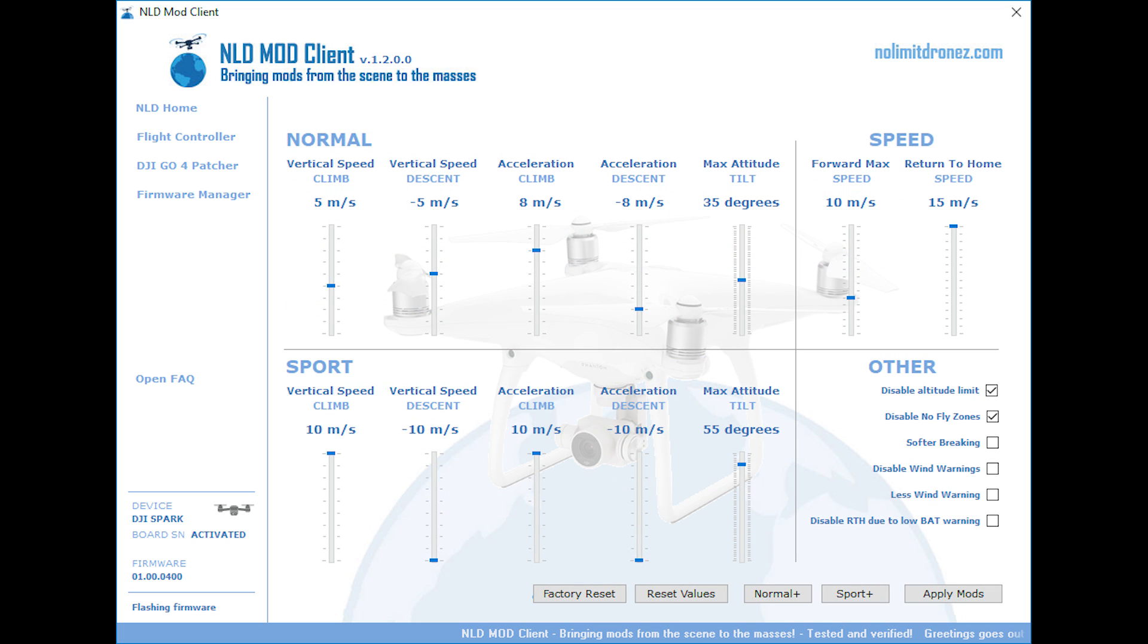And here we see the screen where you can dial in how much speed you want, how much vertical speed, how fast it goes up and down, how fast it goes forwards, and basically how much tilt it's allowed to have, so how far it can tilt over to fly into winds.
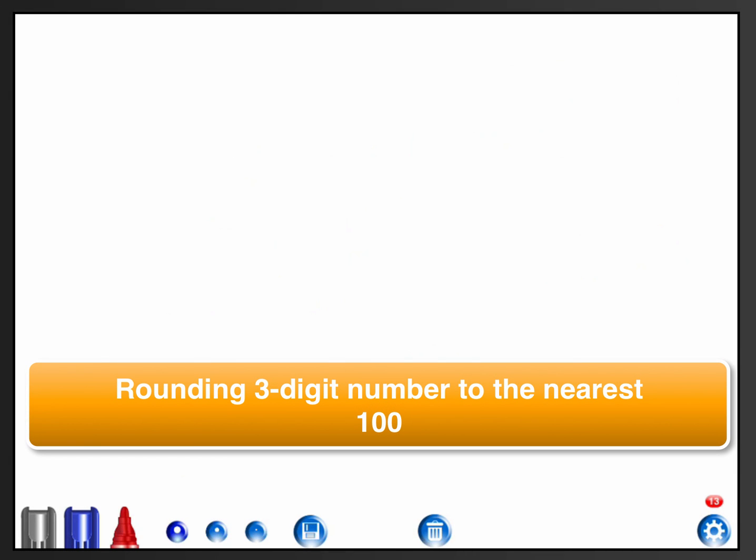Rounding three-digit numbers to the nearest hundred. We're going to look at it three different ways. The focus though needs to be on identifying the digit in the hundreds place, because that's the digit that's going to change whichever method I use.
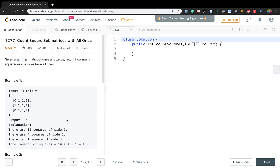So how to solve this problem? I think you should think about dynamic programming, because we need to know previous accumulated ones. Like if we are at row 2, column 3, we need to know how many ones before it in the same row, same column, and the diagonal.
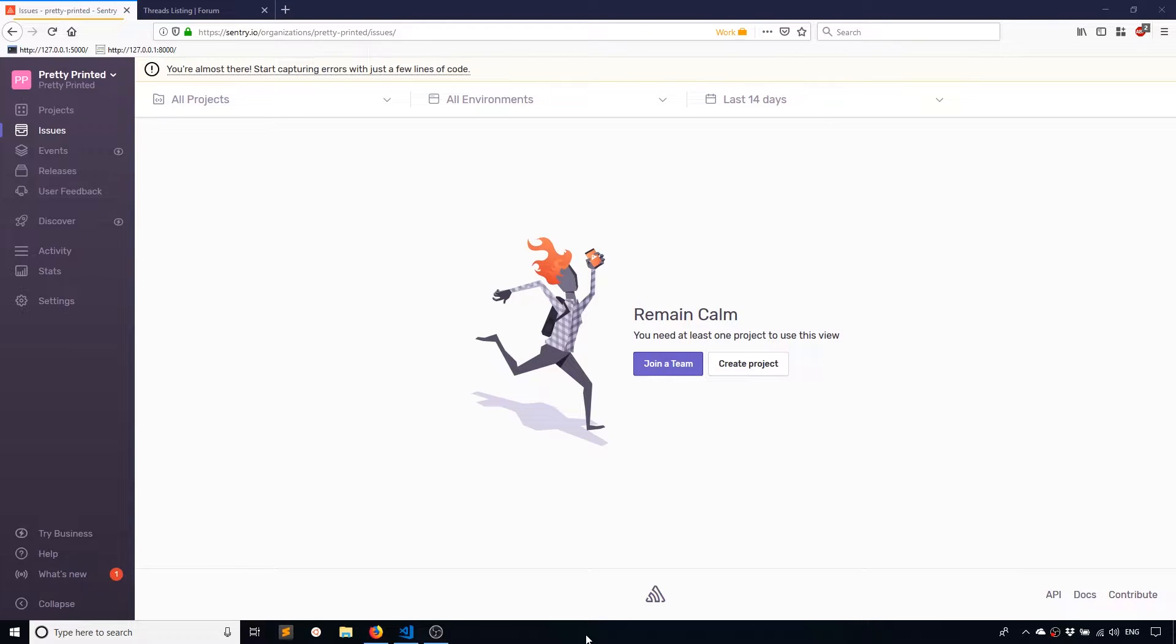But if you want a way to manage errors that is kind of slick, you'll see with this dashboard how it works, you might want to try Sentry. And the reason why I recommend it is because it's very easy to set up. It's very easy to see if it works well for you or not.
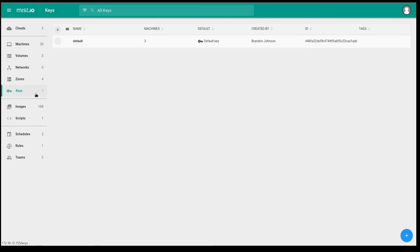I think keys are pretty self-explanatory. These are just SSH keys that you can use so you can execute scripts or get shell access to an instance that Mist is managing.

• _Exercise directions_:
Each entry above is to be given again exactly, and any image in it is to be dropped.

• _Result below_:
And here we see the screen where you can dial in how much speed you want, how much vertical speed, how fast it goes up and down, how fast it goes forwards, and basically how much tilt it's allowed to have, so how far it can tilt over to fly into winds.
Rounding three-digit numbers to the nearest hundred. We're going to look at it three different ways. The focus though needs to be on identifying the digit in the hundreds place, because that's the digit that's going to change whichever method I use.
So how to solve this problem? I think you should think about dynamic programming, because we need to know previous accumulated ones. Like if we are at row 2, column 3, we need to know how many ones before it in the same row, same column, and the diagonal.
But if you want a way to manage errors that is kind of slick, you'll see with this dashboard how it works, you might want to try Sentry. And the reason why I recommend it is because it's very easy to set up. It's very easy to see if it works well for you or not.
I think keys are pretty self-explanatory. These are just SSH keys that you can use so you can execute scripts or get shell access to an instance that Mist is managing.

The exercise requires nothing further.